• **Task prompt**
Copy out exactly the lines from the first line of the material below through the line containing "Two men discussion", and nothing beyond them.

----

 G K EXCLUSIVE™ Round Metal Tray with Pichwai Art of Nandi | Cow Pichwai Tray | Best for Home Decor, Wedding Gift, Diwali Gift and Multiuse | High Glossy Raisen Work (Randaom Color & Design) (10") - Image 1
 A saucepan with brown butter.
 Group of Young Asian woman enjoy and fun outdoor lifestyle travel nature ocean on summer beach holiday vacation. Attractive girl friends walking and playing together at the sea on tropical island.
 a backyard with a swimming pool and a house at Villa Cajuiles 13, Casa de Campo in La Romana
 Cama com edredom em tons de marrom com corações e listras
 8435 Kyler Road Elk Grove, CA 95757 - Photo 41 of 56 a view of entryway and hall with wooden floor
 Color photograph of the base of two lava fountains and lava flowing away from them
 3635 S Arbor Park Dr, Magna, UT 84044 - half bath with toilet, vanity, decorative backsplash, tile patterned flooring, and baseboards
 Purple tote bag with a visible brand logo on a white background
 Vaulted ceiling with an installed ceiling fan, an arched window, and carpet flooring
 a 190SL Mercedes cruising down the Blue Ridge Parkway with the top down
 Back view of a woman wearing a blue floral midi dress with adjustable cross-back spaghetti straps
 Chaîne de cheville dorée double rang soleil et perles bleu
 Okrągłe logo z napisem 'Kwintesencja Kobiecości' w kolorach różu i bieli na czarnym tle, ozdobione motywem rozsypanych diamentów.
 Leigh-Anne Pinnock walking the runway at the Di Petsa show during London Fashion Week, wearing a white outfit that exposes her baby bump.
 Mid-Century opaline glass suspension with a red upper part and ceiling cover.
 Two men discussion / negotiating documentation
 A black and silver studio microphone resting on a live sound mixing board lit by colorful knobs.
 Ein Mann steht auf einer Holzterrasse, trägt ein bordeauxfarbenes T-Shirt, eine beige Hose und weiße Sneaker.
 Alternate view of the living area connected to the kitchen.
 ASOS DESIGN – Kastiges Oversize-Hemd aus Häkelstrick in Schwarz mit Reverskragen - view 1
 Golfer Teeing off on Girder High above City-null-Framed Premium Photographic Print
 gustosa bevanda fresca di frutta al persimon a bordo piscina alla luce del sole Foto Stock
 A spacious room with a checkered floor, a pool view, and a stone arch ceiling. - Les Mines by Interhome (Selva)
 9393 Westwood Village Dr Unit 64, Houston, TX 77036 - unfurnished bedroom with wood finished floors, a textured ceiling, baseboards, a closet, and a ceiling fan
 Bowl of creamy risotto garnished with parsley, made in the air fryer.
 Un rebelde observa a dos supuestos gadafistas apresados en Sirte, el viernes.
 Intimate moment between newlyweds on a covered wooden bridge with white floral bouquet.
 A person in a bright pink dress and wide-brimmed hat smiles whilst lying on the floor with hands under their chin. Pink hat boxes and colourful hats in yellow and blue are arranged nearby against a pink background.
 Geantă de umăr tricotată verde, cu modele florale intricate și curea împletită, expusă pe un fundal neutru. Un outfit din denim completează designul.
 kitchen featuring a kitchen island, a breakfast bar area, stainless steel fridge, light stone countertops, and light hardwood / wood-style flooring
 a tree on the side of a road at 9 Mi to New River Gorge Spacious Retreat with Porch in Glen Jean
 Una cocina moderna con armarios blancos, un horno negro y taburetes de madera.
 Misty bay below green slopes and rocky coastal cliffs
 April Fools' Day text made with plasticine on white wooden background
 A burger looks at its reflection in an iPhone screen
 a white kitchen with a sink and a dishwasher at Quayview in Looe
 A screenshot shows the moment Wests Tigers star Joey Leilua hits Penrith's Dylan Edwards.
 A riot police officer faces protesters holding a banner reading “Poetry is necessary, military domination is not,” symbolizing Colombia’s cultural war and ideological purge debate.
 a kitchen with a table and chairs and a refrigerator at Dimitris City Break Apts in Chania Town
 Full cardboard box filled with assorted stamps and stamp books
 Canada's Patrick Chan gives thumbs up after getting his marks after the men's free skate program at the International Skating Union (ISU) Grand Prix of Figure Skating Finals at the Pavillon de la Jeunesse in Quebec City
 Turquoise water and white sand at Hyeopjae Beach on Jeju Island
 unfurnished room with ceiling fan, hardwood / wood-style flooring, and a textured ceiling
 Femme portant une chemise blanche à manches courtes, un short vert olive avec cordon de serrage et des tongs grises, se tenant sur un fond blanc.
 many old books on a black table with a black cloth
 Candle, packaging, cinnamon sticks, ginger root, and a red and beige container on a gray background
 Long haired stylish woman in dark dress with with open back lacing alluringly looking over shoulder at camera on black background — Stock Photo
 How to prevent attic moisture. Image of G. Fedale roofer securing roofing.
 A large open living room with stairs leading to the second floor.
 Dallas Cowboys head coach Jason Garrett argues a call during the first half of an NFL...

----

• **Task output**
 G K EXCLUSIVE™ Round Metal Tray with Pichwai Art of Nandi | Cow Pichwai Tray | Best for Home Decor, Wedding Gift, Diwali Gift and Multiuse | High Glossy Raisen Work (Randaom Color & Design) (10") - Image 1
 A saucepan with brown butter.
 Group of Young Asian woman enjoy and fun outdoor lifestyle travel nature ocean on summer beach holiday vacation. Attractive girl friends walking and playing together at the sea on tropical island.
 a backyard with a swimming pool and a house at Villa Cajuiles 13, Casa de Campo in La Romana
 Cama com edredom em tons de marrom com corações e listras
 8435 Kyler Road Elk Grove, CA 95757 - Photo 41 of 56 a view of entryway and hall with wooden floor
 Color photograph of the base of two lava fountains and lava flowing away from them
 3635 S Arbor Park Dr, Magna, UT 84044 - half bath with toilet, vanity, decorative backsplash, tile patterned flooring, and baseboards
 Purple tote bag with a visible brand logo on a white background
 Vaulted ceiling with an installed ceiling fan, an arched window, and carpet flooring
 a 190SL Mercedes cruising down the Blue Ridge Parkway with the top down
 Back view of a woman wearing a blue floral midi dress with adjustable cross-back spaghetti straps
 Chaîne de cheville dorée double rang soleil et perles bleu
 Okrągłe logo z napisem 'Kwintesencja Kobiecości' w kolorach różu i bieli na czarnym tle, ozdobione motywem rozsypanych diamentów.
 Leigh-Anne Pinnock walking the runway at the Di Petsa show during London Fashion Week, wearing a white outfit that exposes her baby bump.
 Mid-Century opaline glass suspension with a red upper part and ceiling cover.
 Two men discussion / negotiating documentation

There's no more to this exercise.